网络安全系列-十七: Mothra 用于处理网络流量数据的库和工具的入门示例

网络安全系列-十七: Mothra 用于处理网络流量数据的库和工具的入门示例,第1张

什么是Mothra?

Mothra是Apache Spark大型数据分析引擎中用于处理网络流量数据的库和工具的集合
Mothra被设计用来存储和处理大量的网络流数据以及支持的信息集合

  • 库提供的功能:
    • 用于读取IPFIX和SiLK流量数据以及一些额外的SiLK数据文件的Apache Spark数据源
    • 提供有用的功能,用于处理网络数据中常见的信息,例如IP地址、TCP标志、端口号等。
  • 提供的工具包括:
    • 将IPFIX和SiLK数据加载到HDFS存储以供后续分析
    • 在加载IPFIX数据时进行分区以支持更有效的查询

IPFIX和SiLK流记录(见下文)通常以所谓的“五元组”为中心:

  • source IP address
  • destination IP address
  • source port
  • destination port
  • transport layer protocol
在spark-shell中的初体验

下载mothra的jar包及样例数据

  • mothra下载地址是:mothra download
  • 样例数据下载地址:fccx-sample.ipfix
spark-shell --jars mothra-1.5.1-bin/mothra_2.11-1.5.1-full.jar
import org.cert.netsa.mothra.datasources._
val df = spark.read.ipfix("file:///usr/local/zeppelin-0.10.0-bin-all/fccx-sample.ipfix")
df.show(1,0,true)
df.printSchema()
org.cert.netsa.util.versionInfo("mothra")
org.cert.netsa.util.versionInfo.detail("mothra")

读取数据 读取ipfix数据

ipfix的数据可以通过 yaf 产生,
注意:yaf.conf中需要开启如下2项配置:

  • YAF_ROTATE_LOCATION=
    If present, and YAF_IPFIX_PROTO is not present, write IPFIX files to the given file directory
  • YAF_ROTATE_TIME=30
    Rotate time. If present, and YAF_ROTATE_LOCATION is present, rotate files every YAF_ROTATE_TIME seconds. Default is 120.

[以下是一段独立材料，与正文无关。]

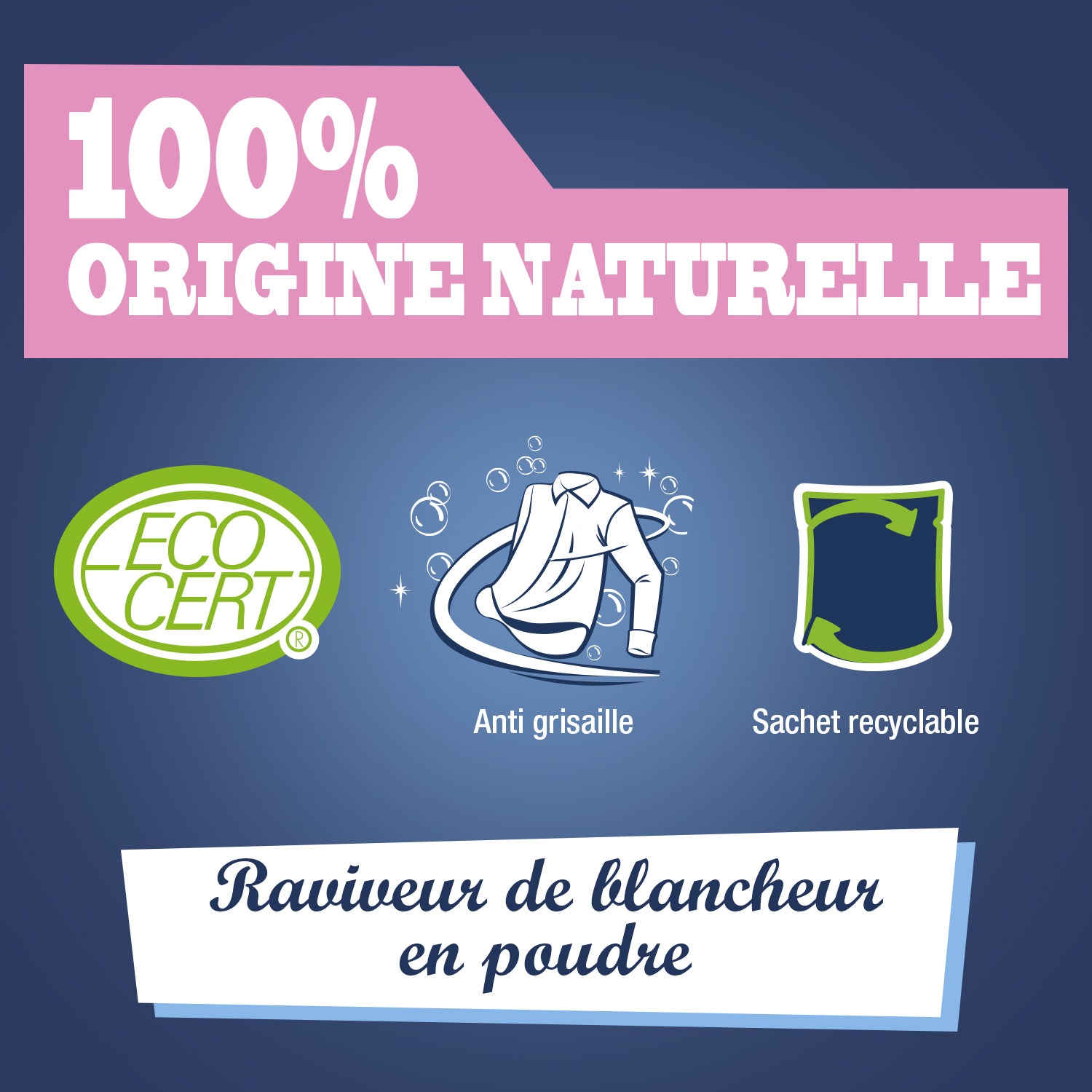 JACQUES BRIOCHIN - La poudre au percarbonate de soude 500g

如何读取ipfix数据,详见datasources ipfix

注意:

  • IPFIXFields.everything是显示IPFIX中的所有属性信息
  • IPFIXFields 的用法详见与IPFIX数据源相关的字段集合定义,主要的属性集如下:
    • core: Core IPFIX flow fields, including time and the 5-tuple.
    • default: Default flow fields, including core fields, label fields, counts, and TCP flags, all as described above.
    • everything: Accessible collection of all fields useful for working with YAF3 in particular.
import org.cert.netsa.mothra.datasources._
import org.cert.netsa.mothra.datasources.ipfix.IPFIXFields
val df = spark.read.fields(IPFIXFields.everything).ipfix("file:///usr/local/zeppelin-0.10.0-bin-all/yaf-data/*")
df.show(1,0,true)
df.printSchema()

import spark.implicits._
df.select("*").limit(10).show()

df.select("startTime","endTime","sourceIPAddress","sourcePort","destinationIPAddress","destinationPort","protocolIdentifier","packetCount","octetCount").where($"octetCount" > 10).limit(10).show()

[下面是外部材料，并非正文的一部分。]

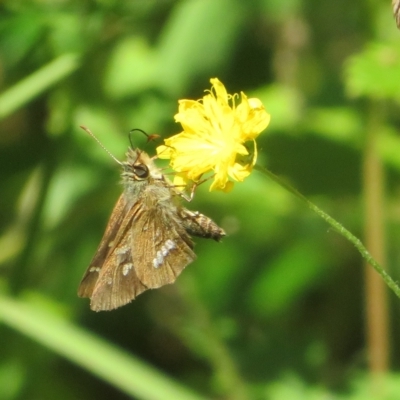 Dispar compacta (Barred Skipper) at Namadgi National Park - 26 Feb 2023 by Christine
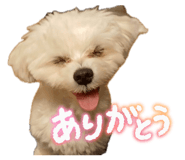 842766867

df.write.json("file:///usr/local/zeppelin-0.10.0-bin-all/json1")
读取silk数据

如何读取ipfix数据,详见datasources silk

SiLK属性集定义参见SilkFields

import org.cert.netsa.mothra.datasources._
import org.cert.netsa.mothra.datasources.silk.flow.SilkFields
val df = spark.read.fields(SilkFields.all).silkFlow("file:///usr/local/zeppelin-0.10.0-bin-all/silk-data")
df.show(1,0,true)
df.printSchema()

# 统计协议分布
df.createOrReplaceTempView("t_netflow")
spark.sql("select protocol,count(*) as total from t_netflow group by protocol").show()

# 按来源IP统计
spark.sql("select sIP,count(*) as total from t_netflow group by sIP order by total desc limit 10").show()

# 按目的IP统计
spark.sql("select dIP,count(*) as total from t_netflow group by dIP order by total desc limit 10").show()

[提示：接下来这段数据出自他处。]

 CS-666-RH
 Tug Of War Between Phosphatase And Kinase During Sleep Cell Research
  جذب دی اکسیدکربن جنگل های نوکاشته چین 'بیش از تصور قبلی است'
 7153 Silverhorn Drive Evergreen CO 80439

注意:mothra读取silk 仓库,产生的dataframe的schema如下图:

遇到的坑 读取silk数据产生SilkDataFormatException

spark读取silk数据产生dataframe,统计数量时,报SilkDataFormatException: Magic number does not match,
查看org.cert.netsa.io.silk.Header.scala源码 294行,原因是silk文件的前4位不等于magicNumber【magicNumber是0xdeadbeef】

  • 对应的源码如下:
private[this] def readHeader(in: DataInputStream): Header = {
    val magic = in.readInt()
    if ( magic != magicNumber ) {
      throw new SilkDataFormatException("Magic number does not match")
    }
    val fileFlags = in.readByte()
  • 解决方案:
    SiLK仓库目录中包含silk.conf配置文件,需要将这个文件删除。

  • 详细报错信息:

scala> df.count()
[Stage 7:>                                                          (0 + 1) / 1]22/04/21 10:33:14 ERROR SilkFileRelation: Failure opening stream for 'file:/usr/local/zeppelin-0.10.0-bin-all/silk-data/silk.conf'
org.cert.netsa.io.silk.SilkDataFormatException: Magic number does not match
        at org.cert.netsa.io.silk.Header$.readHeader(Header.scala:294)
        at org.cert.netsa.io.silk.Header$.readFrom(Header.scala:283)
        at org.cert.netsa.io.silk.RWRecReader$.ofInputStream(RWRecReader.scala:123)
        at org.cert.netsa.mothra.datasources.silk.flow.SilkFileRelation$$anonfun$buildScan$$anonfun$apply$$anonfun$apply.apply(SilkFileRelation.scala:97)
        at org.cert.netsa.mothra.datasources.silk.flow.SilkFileRelation$$anonfun$buildScan$$anonfun$apply$$anonfun$apply.apply(SilkFileRelation.scala:97)
        at scala.util.Try$.apply(Try.scala:192)
        at org.cert.netsa.mothra.datasources.silk.flow.SilkFileRelation$$anonfun$buildScan$$anonfun$apply.apply(SilkFileRelation.scala:96)
        at org.cert.netsa.mothra.datasources.silk.flow.SilkFileRelation$$anonfun$buildScan$$anonfun$apply.apply(SilkFileRelation.scala:88)
        at scala.collection.Iterator$$anon.nextCur(Iterator.scala:435)
        at scala.collection.Iterator$$anon.hasNext(Iterator.scala:441)
        at scala.collection.Iterator$$anon.hasNext(Iterator.scala:439)
        at scala.collection.Iterator$$anon.hasNext(Iterator.scala:409)
        at org.apache.spark.sql.catalyst.expressions.GeneratedClass$GeneratedIteratorForCodegenStage1.agg_doAggregateWithoutKey_0$(Unknown Source)
        at org.apache.spark.sql.catalyst.expressions.GeneratedClass$GeneratedIteratorForCodegenStage1.processNext(Unknown Source)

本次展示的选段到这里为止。